Days 255 - 266

Post date: Mar 20, 2017 12:39:17 AM

WEDNESDAY - SUNDAY

Today, I attended two sacrament meetings. My daughter was giving a talk in her singles ward, so we went. It was amazing to see her confidence and strength. Recovery is amazing.

I've been spending time working on my writing. I love to write. It is something I want to become better at. It is my newly found after school activity.

My thought process today is focused on communication and being a victim.

I'm not very good at communicating. I still live, somewhat in the codependent mindset of you should know what I want. Which is really stupid. How can anyone know what I am thinking? I've been working on NOT dropping hints, but actually stating what I need. Today, for lunch, I needed someone to chop up the tofu for soup. Instead of making myself the victim and complaining about all the work I had to do, I asked for help chopping the tofu.

Think of the statements with regard to making lunch:

"I can't do this all by myself." What am I asking for? What do I need? I'm just making a statement. Throwing out a line to see if anyone would bite. In actuality, I can do it all by myself, it just means lunch would take a bit longer, and I'd be mad by the time it was ready. Here I am playing the poor me, victim card.

"I need help." Well, yes I do. But again, I'm not stating what I need, it's a general comment. Yes, people should pick up on the fact that I'm asking for help, but not really. It seems more like complaining than asking for help.

"Hey, can you help me?"

"Do what?"

"Make lunch." Again, not really giving any direction. People can't read my mind. They don't know what I need or am wanting them to do. As a codependent, I used to get mad because they didn't know what I needed them to do.

"Hey, Jared, can you cut up the tofu for the soup?" Do you know what happened? He cut up the tofu for lunch. WOW. Exactly what I needed done.

Dropping hints from things we think, is a REALLY REALLY REALLY bad idea. People cannot read your mind. What is obvious to you is not obvious to others.

Be clear when you need something. State exactly what you need and it just may surprise you what you get.

Playing the victim:

My daughter was going to play practice. It was quite a long one. She asked what she should take along for food and I offered up some ideas, each suitable for her to eat during break. She made faces and comments and put herself right in the poor me, victim role. On our drive to school, I told her the better way is a positive way. "Hey mom, I don't like any of that, can I just take cereal?"
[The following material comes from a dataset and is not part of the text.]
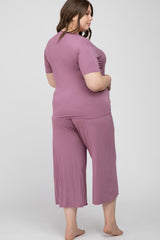 Mauve V-Neck Maternity Plus Sleep Set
Don't put yourself in the victim role. People don't like it and quite frankly neither do you. You don't want pity. You want to be loved and respected. Life isn't about smiling and nodding and pretending everything is ok. It is about being amazing, wonderful, happy, and loved. It is NOT about being ok. Ok is not what you want to be in life.

If you feel sorry for yourself, do something for yourself. Take time for yourself. Take a walk, a bath, a nap. Read a book, listen to a conference talk, or uplifting music. Don't wallow in self defeating pity. You are worth infinitely more than you believe. The worth of souls is great in the sight of God. Don't forget that!